We use a web service interface for this. All report calls are made in parallel to the two systems, and the JSON response is compared.
The comparison is threefold:
- Source (production) minus target (application under test)
- Target minus source
- Value comparison for the intersection
This will be true for XML, XLS, CSV, fixed width, or any other format. We need to ensure that there is no extra record, there is no missing record, and all values of the records are matching.
This is the core of the approach we are talking about. These are the read calls available in an application, typically as the reports or, in some cases, interfaces to other applications.
The success of this approach lies in a comparison tool or utility that handles the cases relevant to your application. You can consider yourself lucky if you find something off the shelf; if not, then investment in this area is worth it, as you will reap good benefits from it.
After all this automation, it’s time for manual intervention. Because some differences are expected ones that should be there as per the requirements, the results need manual analysis. There are clear pass test cases, but failures also need to be analyzed and confirmed for validity. As these are regression testing failures, they are required to be fixed before release. Of course, there are some exceptions that will have to be handled based on the application.
Setting Up Your Program
Every application is different, and so is the application setup. There can be some other steps needed to prepare your application for testing, so these steps need to be factored in at the right time in the process. But these are the typical steps:
- Obfuscate data from production by deleting email IDs or other sensitive information, or replacing it with dummy data
- Get the data in the correct state for the test to start
- Address configurations for the QA environment, like changing integration links
The only point to remember here is that all of the above actions need to be performed for both setups. Remember, before test case execution starts, the setups should be identical.

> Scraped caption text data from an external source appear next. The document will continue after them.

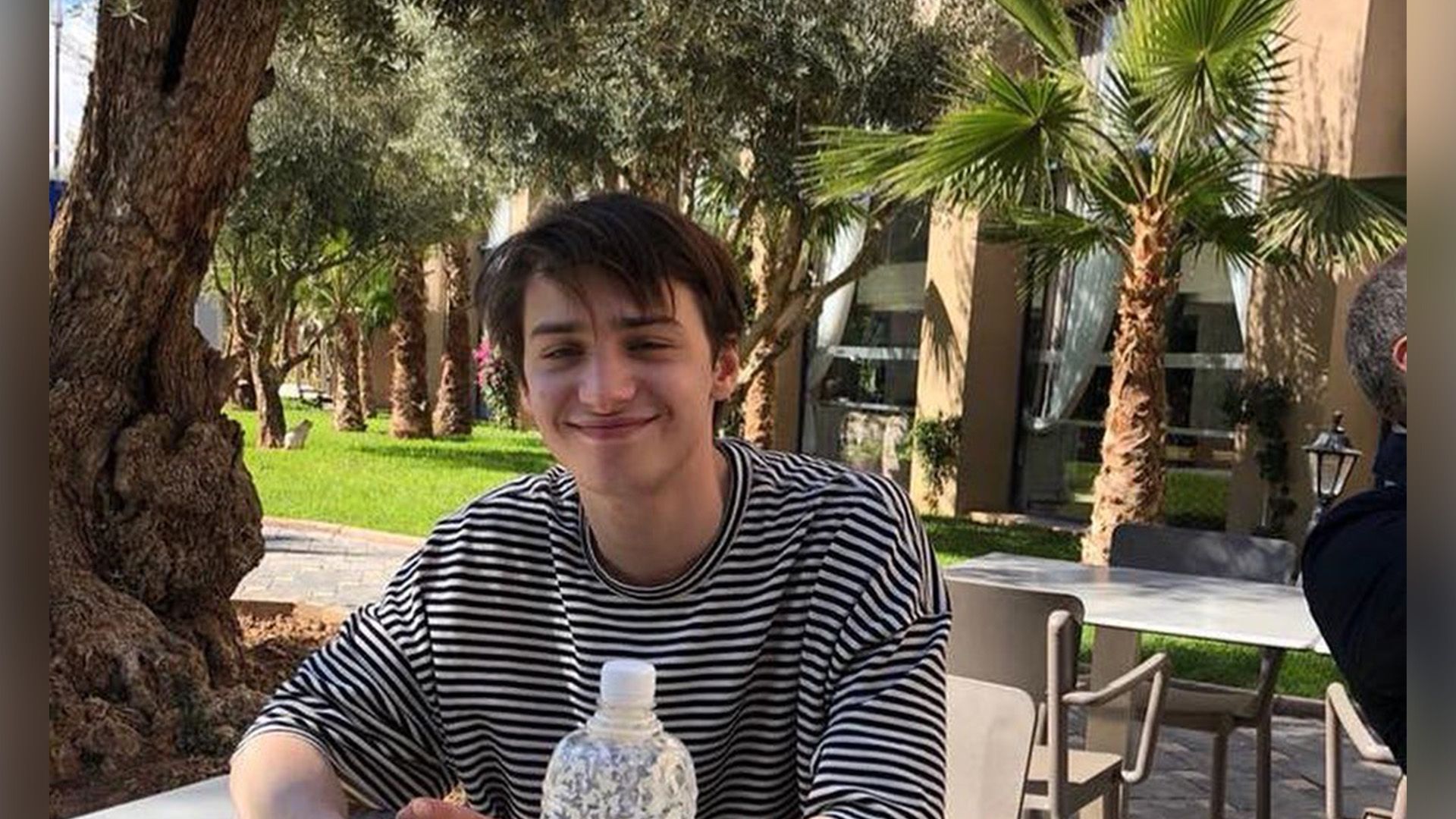 Улыбающийся Андрей Мартынов сидит за столом на улице на фоне пальм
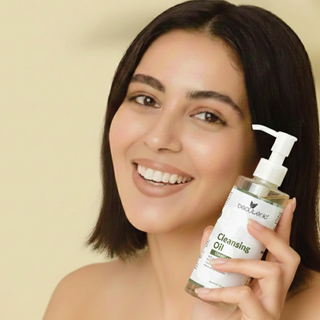 Woman holding a bottle of cleansing oil with a beige background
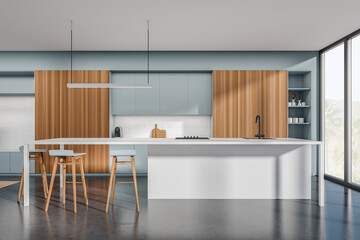 Front view on bright kitchen room interior with panoramic window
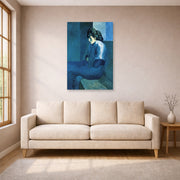 Unframed poster print of Pablo Picasso's 'Melancholy Woman' displayed on a wall in a living room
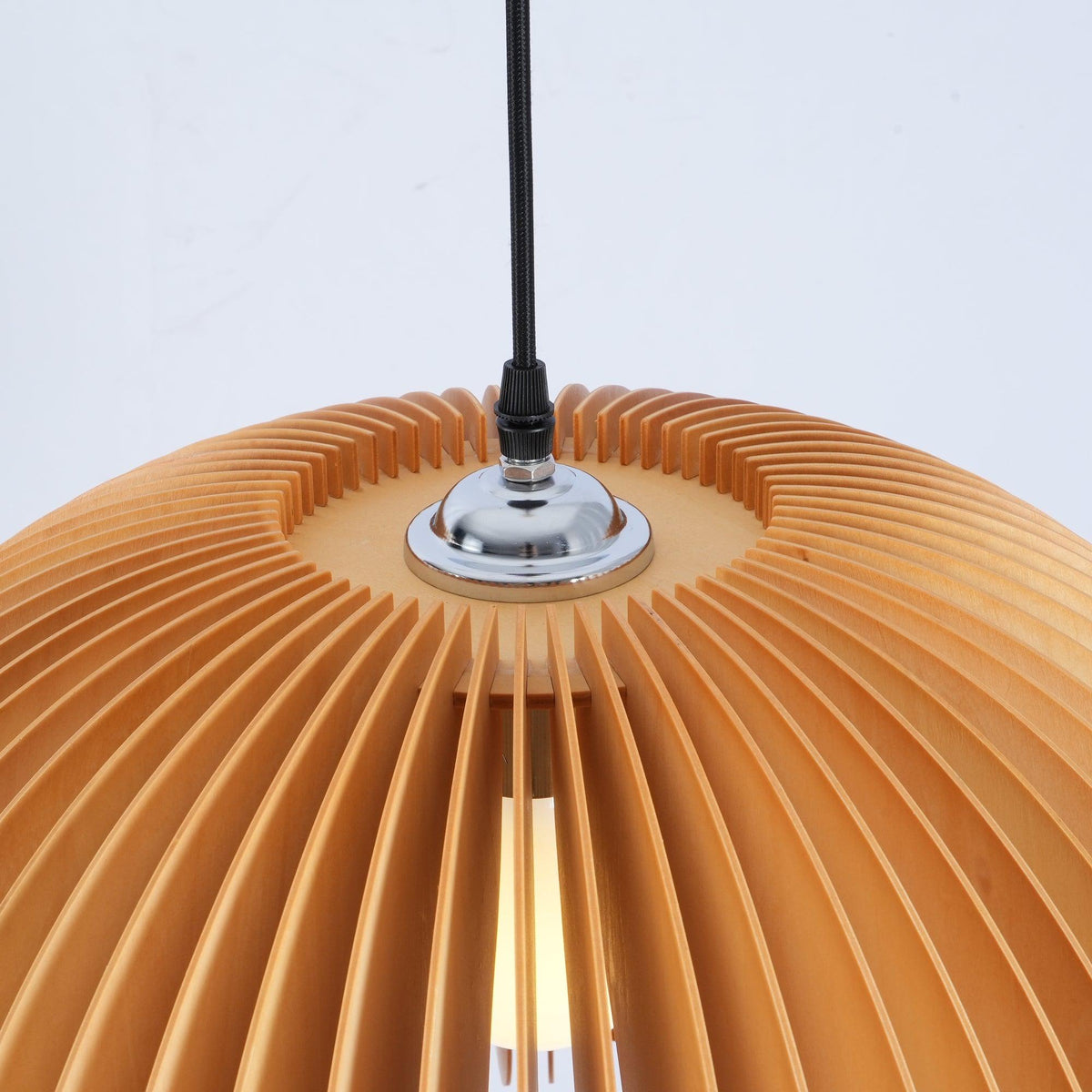 Close view of the chrome cord grip and the closely spaced slats at the crown of this Clérachic wooden pendant.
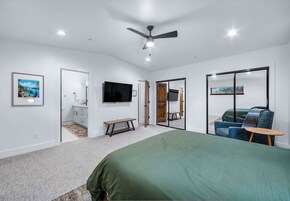 A bedroom with a bed, a TV, a bench, a mirror, and a door leading to another room.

It is not uncommon that actions other than report calls also return an object, like creating or modifying an order returning the new order object. In that case, it is good to compare the two objects and not wait for a report comparison. It can help identify a defect sooner and closer to the root cause.
It is also a good idea to break the entire suite into smaller sets, such as grouping transaction and related report calls together. You can run the sets in parallel to save execution time. For a workflow application, this may not be an option unless you can slice the cases horizontally versus vertically, or vice versa.
The variations can start from technology—JSON, XML, or scalers (int/string/float), etc.—and extend up to the point that the test and production installations are expected to respond with different structures as per the design. For example, the production release may be using an older JAR file that results in a certain format, and for this release the JAR is updated and the response format is changed, so comparing the two will give all mismatches. A temporary plug-in would be needed to make the comparison possible.
Though these kinds of situations will probably be few and far between, sometimes it would be easier to get the design fixed and sometimes it’s easier to address it as a workaround.
There are a few options to handle these kinds of comparisons:
- Ignore some fields, like IDs and dates
- Ignore numeric differences of less than 0.0001
- Ignore case sensitivity of strings
- Structure changes in two responses
Improving Your Regression Testing
Regression testing needs to be holistic in verification while being focused in scope. This balance can benefit from automation. An automated testing approach specific to reducing regression issues can go a long way toward a good client relationship and high brand value.
In the spirit of continuous improvement, now my team’s plan is to get rid of the two identical setups we use and implement the same strategy with one setup. We want to have the responses from previous executions saved and then use them for comparison. Testing approaches can always be improved upon—wish us luck!